Excavations carried out at the suggestive Castle of Santa Severa have brought to light two temples and other cultic fortifications. The oldest one (temple B) is dedicated to the divinity Uni, assimilated to the Phoenician Astarte and dated back to the end of the VI century BC.

The most recent and most majestic (temple A) dates back to the first half of the V century BC and is dedicated to the Greek Leukothea. She was the goddess of dawn associated with the generation of life, with which Cere intended to reaffirm its power after the defeat suffered by the Etruscans in 474 BC against the Greeks of Syracuse in the waters of Cumae.

Temple A, preserved as the nearby temple B only in its mighty foundations, was decorated with terracotta high reliefs; the central one, representing one of the culminating moments of the Greek myth of the Seven in Thebes, was the subject of a complex restoration and is now exhibited at the Museum of Villa Giulia.

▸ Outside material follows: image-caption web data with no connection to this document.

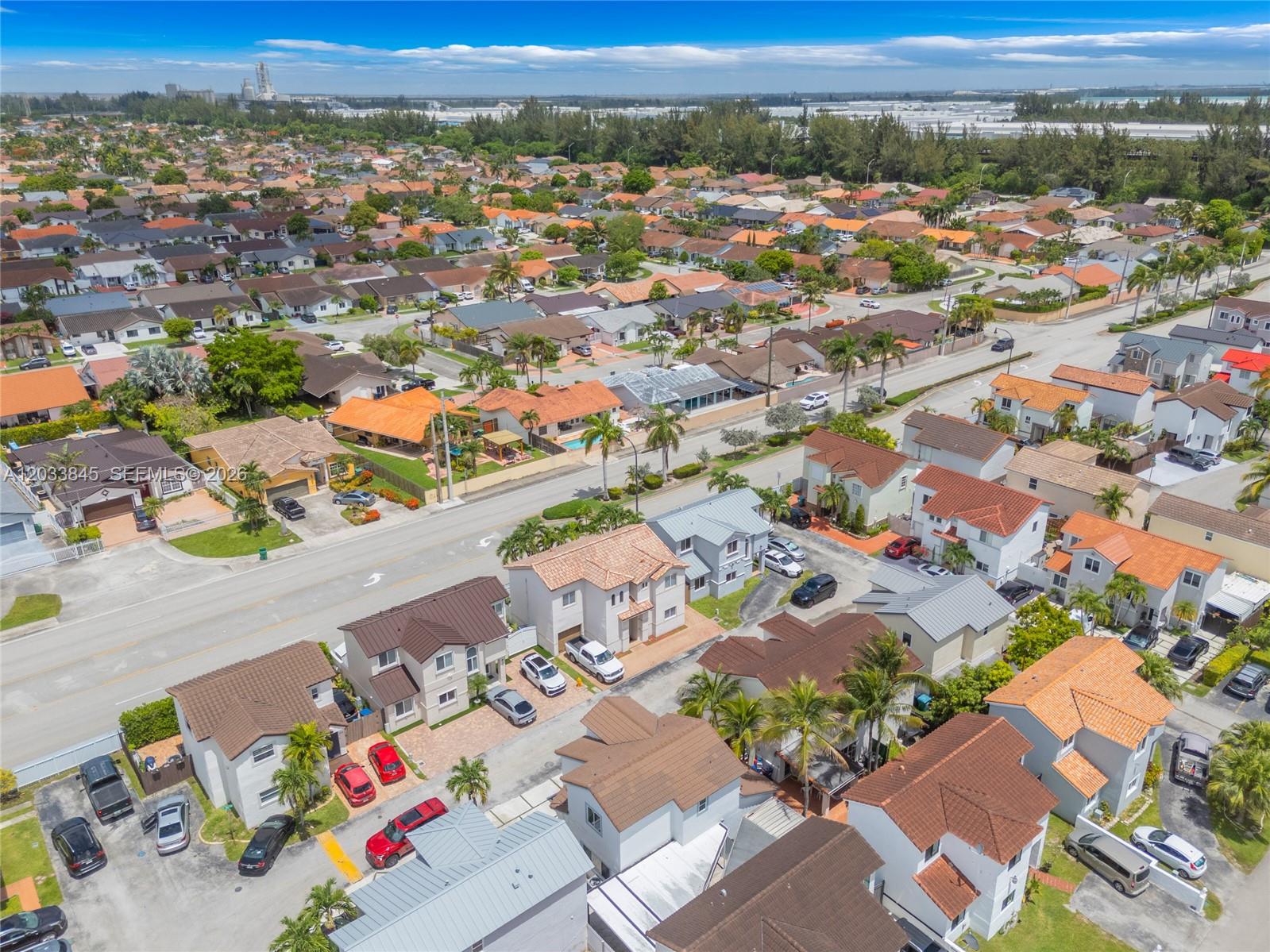 979 Northwest 126th Path Miami, FL 33182 - Photo 36 of 45
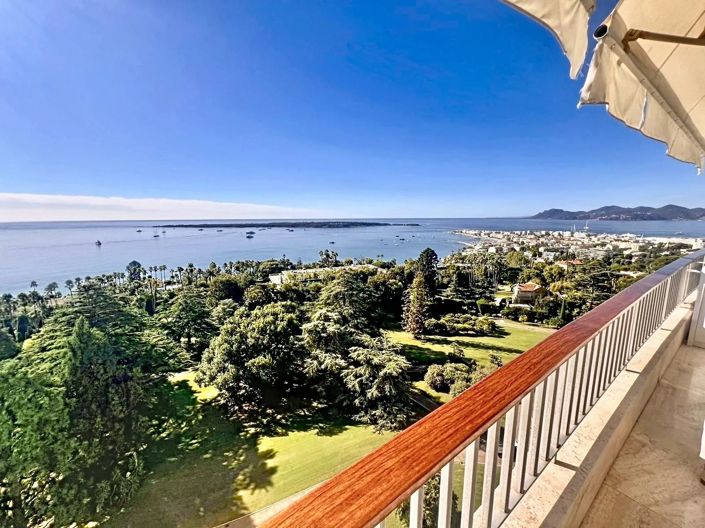 Image No.19-2 Bed Apartment for sale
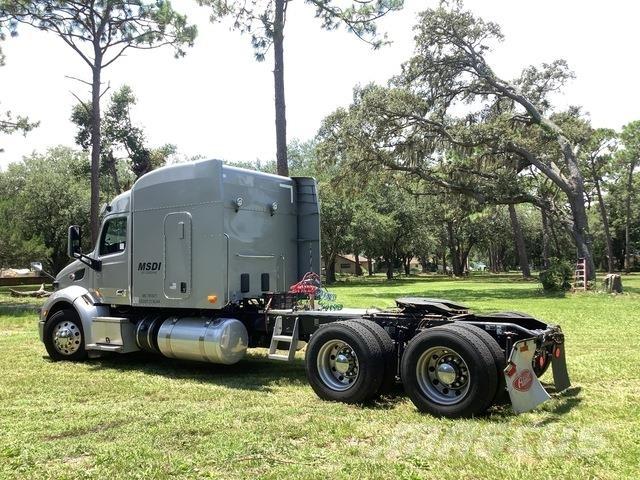 Peterbilt 579 Conventional Trucks / Tractor Trucks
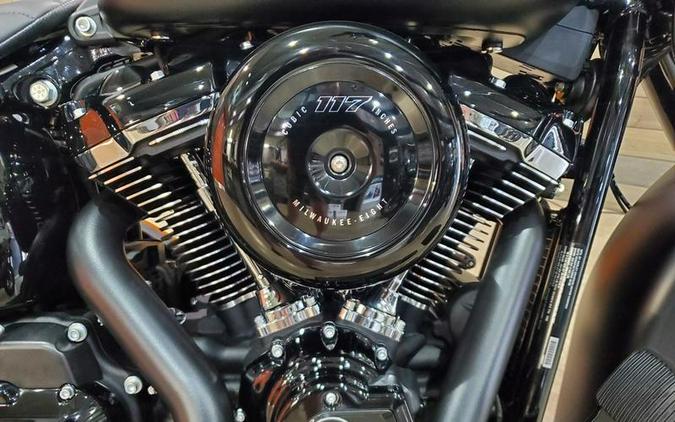 2026 Harley-Davidson® FLHD - Deadwood™
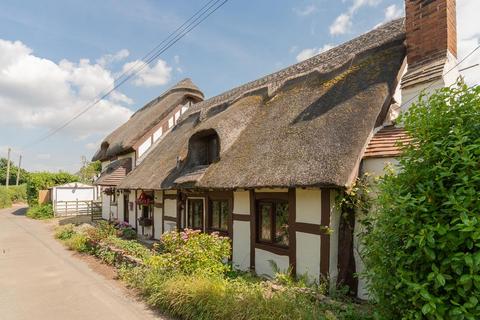 3 bedroom detached house for sale, Hillend, Twyning, Tewkesbury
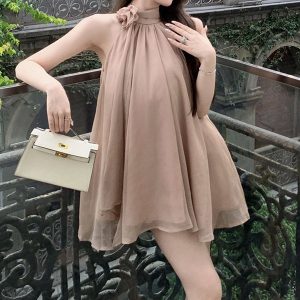 Stilla | Halterneck Off Shoulder Kjole Med Roser Bånd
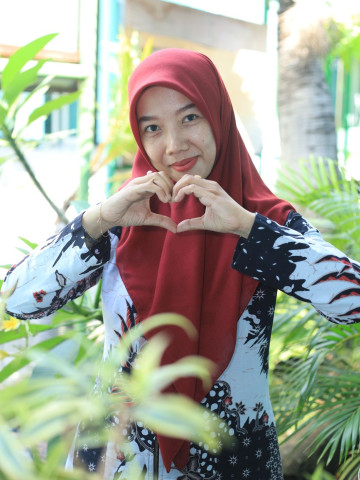 ARI FINAWATI, S.Pd
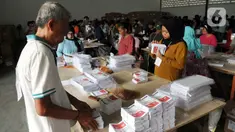 Kesibukan para pekerja saat melakukan penyortiran dan pelipatan surat suara Pilpres 2024 di Kawasan Industri Pulogadung, Jakarta, Rabu (10/1/2024). KPU Jakarta Timur menargetkan akan menyelesaikan penyortiran dan pelipatan 2.436.059 surat suara paling lambat pada 17 Januari 2024. (merdeka.com/Imam Buhori)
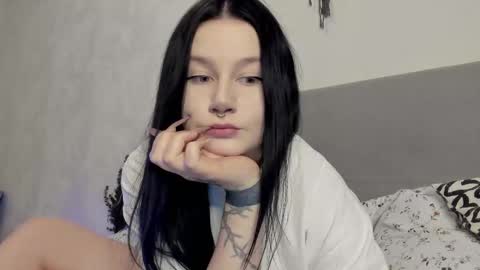 Lina online show from January 2026 10:40:01 AM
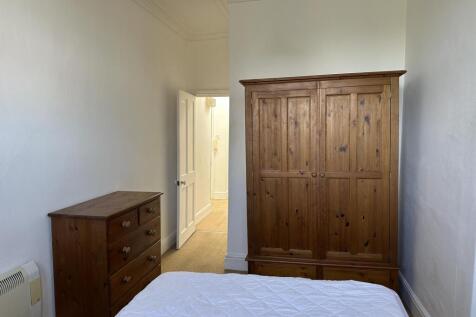 BEDROOM /
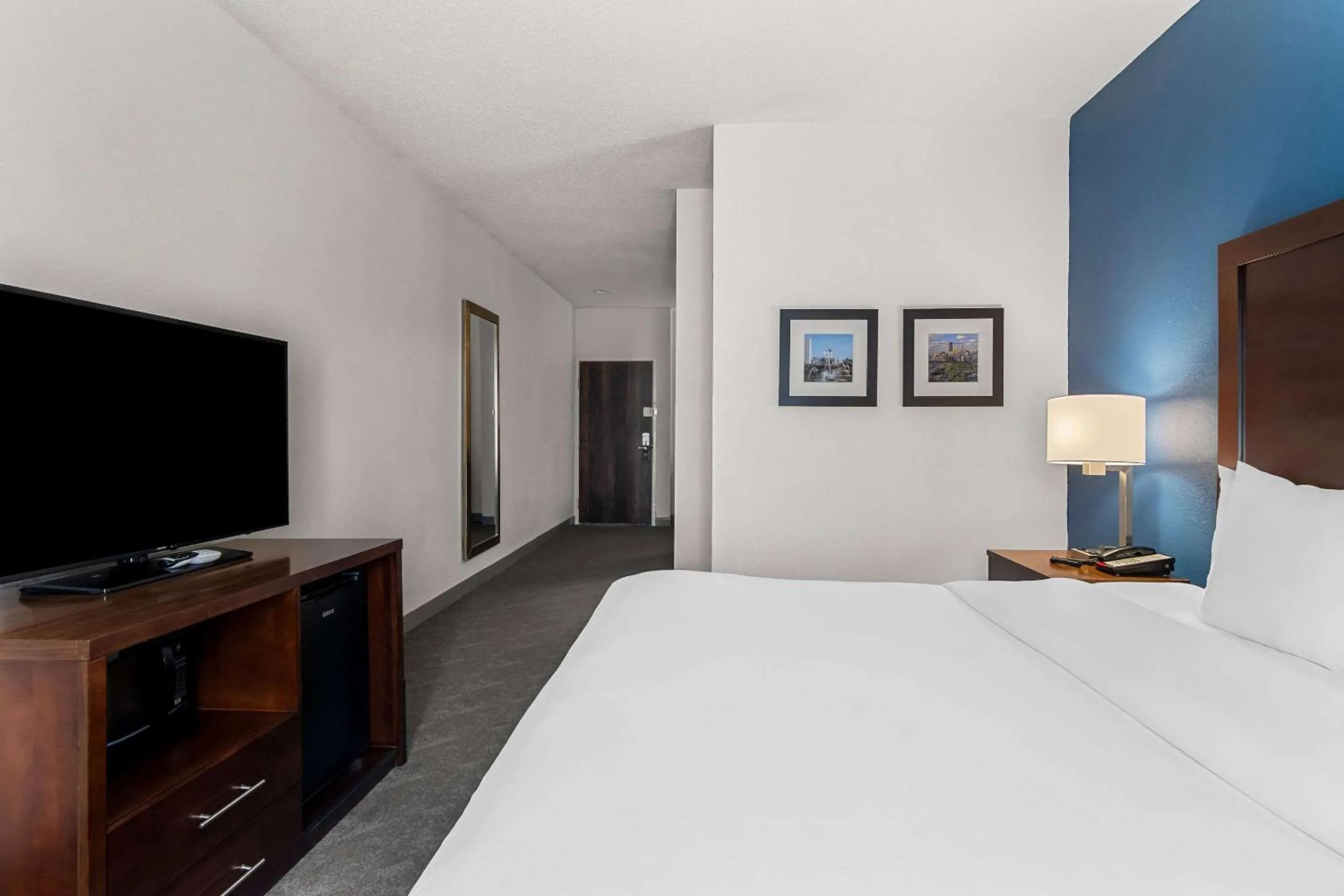 Bedroom, Bed in Comfort Inn & Suites near Tinley Park Amphitheater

Of extraordinary importance is the discovery in 1964 of the famous gold leaves, of Etruscan and Phoenician era, which recall the dedication of the temple by the ‘king of Caere’ Thefarie Velianas to the goddess Uni / Astarte. A copy of the ancient leaves is present in the museum, where you can admire an exhibition of fragments of various ceramics, terracotta overlapping the wooden roof and a high relief that represents a Gigantomachy in proportion of three quarters with respect to the real sizes.